Yeah they were all those things but they also made your hand tingly when you ran it over the screen and it smelled like a Tesla coil

bruhduh,
@bruhduh@lemmy.world avatar

CRTs are great for retro gaming because they made low resolutions looking better than any other tech can (by low resolutions i mean 240-360p)

TheDarksteel94,

Also, some Counter Strike players really enjoy playing on CRTs.

paultimate14,

One of the problems is survivorship bias.

The CRT’s that survive today are mostly the cream of the crop. Professional monitors that were used for decades at local TV studios. HD CRT’s from the 2000’s that were some of the last ones made, were prohibitively expensive at the time, and have been lovingly cared for by enthusiasts.
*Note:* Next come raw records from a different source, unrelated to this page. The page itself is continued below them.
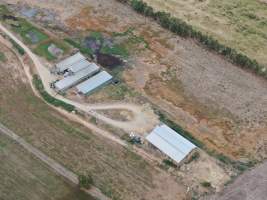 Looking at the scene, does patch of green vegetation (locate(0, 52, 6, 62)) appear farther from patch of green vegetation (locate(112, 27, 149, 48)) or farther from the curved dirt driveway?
patch of green vegetation (locate(112, 27, 149, 48))

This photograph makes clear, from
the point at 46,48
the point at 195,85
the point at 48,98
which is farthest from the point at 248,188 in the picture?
the point at 46,48

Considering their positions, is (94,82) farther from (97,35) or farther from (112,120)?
(97,35)

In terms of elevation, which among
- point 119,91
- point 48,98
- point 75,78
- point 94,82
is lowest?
point 48,98

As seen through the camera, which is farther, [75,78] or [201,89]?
[201,89]

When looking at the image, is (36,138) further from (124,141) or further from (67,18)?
(67,18)

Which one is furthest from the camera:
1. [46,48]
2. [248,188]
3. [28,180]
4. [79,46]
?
[79,46] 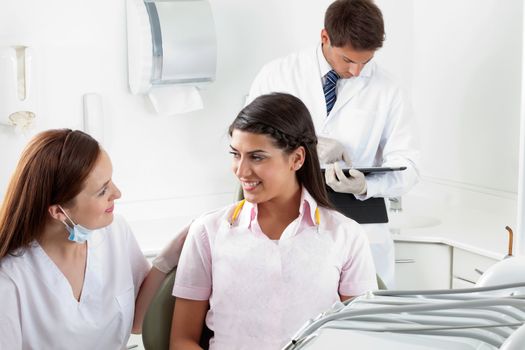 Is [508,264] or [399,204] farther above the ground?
[508,264]

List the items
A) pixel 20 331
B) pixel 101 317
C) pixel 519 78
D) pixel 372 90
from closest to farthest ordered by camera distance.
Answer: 1. pixel 20 331
2. pixel 101 317
3. pixel 372 90
4. pixel 519 78

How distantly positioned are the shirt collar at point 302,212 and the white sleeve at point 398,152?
0.57 m

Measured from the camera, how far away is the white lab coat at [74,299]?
4.97 feet

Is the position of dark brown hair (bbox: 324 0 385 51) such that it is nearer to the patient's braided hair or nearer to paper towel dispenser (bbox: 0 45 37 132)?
the patient's braided hair

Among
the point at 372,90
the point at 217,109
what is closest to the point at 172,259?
the point at 372,90

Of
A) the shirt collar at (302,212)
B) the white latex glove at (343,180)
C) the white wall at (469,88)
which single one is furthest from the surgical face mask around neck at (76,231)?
the white wall at (469,88)

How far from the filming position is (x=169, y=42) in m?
2.63

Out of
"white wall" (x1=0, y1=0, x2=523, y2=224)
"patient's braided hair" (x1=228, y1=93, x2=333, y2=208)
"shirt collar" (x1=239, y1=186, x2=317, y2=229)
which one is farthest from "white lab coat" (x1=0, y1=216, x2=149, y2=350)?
"white wall" (x1=0, y1=0, x2=523, y2=224)

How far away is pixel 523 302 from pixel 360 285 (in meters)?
1.04

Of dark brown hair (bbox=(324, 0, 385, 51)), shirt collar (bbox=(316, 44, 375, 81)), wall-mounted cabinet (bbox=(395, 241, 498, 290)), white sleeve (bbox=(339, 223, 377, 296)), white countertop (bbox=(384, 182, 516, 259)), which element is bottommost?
wall-mounted cabinet (bbox=(395, 241, 498, 290))

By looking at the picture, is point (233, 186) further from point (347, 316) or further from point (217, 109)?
point (347, 316)

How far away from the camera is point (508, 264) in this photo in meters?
0.81

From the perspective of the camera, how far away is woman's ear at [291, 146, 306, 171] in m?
1.73

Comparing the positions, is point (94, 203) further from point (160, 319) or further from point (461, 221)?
point (461, 221) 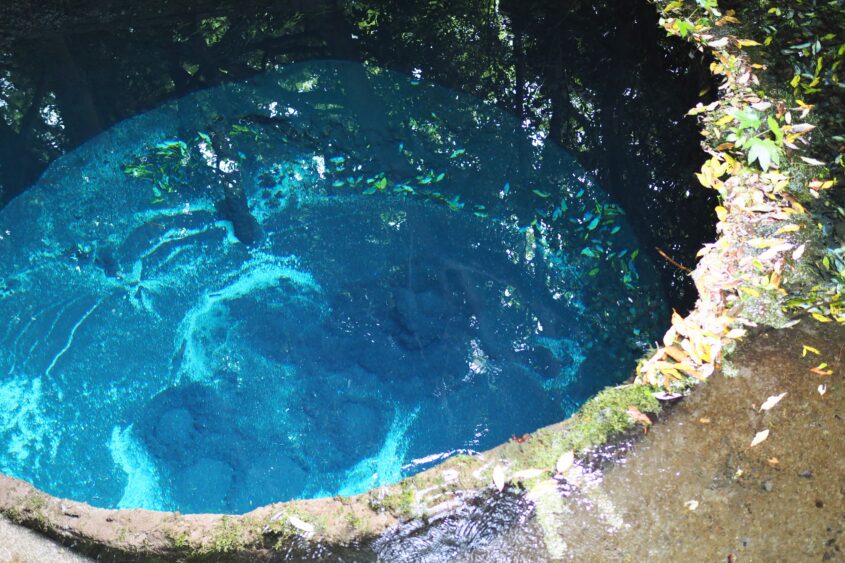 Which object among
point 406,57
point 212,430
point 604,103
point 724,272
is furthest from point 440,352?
point 406,57

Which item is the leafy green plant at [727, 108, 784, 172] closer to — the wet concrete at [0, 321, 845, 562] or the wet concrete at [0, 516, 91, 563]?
the wet concrete at [0, 321, 845, 562]

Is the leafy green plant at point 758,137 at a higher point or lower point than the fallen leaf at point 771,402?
higher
I think a lot of retro gaming enthusiasts who are in to CRT’s today are either too young to actually remember what the average CRT was like or are old enough that they were enthusiasts back even in the 90’s, only buying the absolute best of the best.

I would literally take my phone over the console TV I grew up with in my parent’s living room. I remember setting stuff down on it (it was pretty much a table), like an empty can, and the picture would go crazy. I think part of why we got rid of it was because my mom got new, wireless handsets for the landline phone that caused interference (and it was also around the time new technologies we’re replacing CRT’s).

At one point as a kid i got a 19" Zenith CRT in my bedroom. That thing was absolute garbage. Colors all over the place, the image noisy and warped. It was loud, deeper than it was wide or tall, and weighed probably 40lbs. The only two inputs were RF and RCA, but only mono because it only had one speaker.

I think most of the retro gaming community has just forgotten how bad the average CRT was.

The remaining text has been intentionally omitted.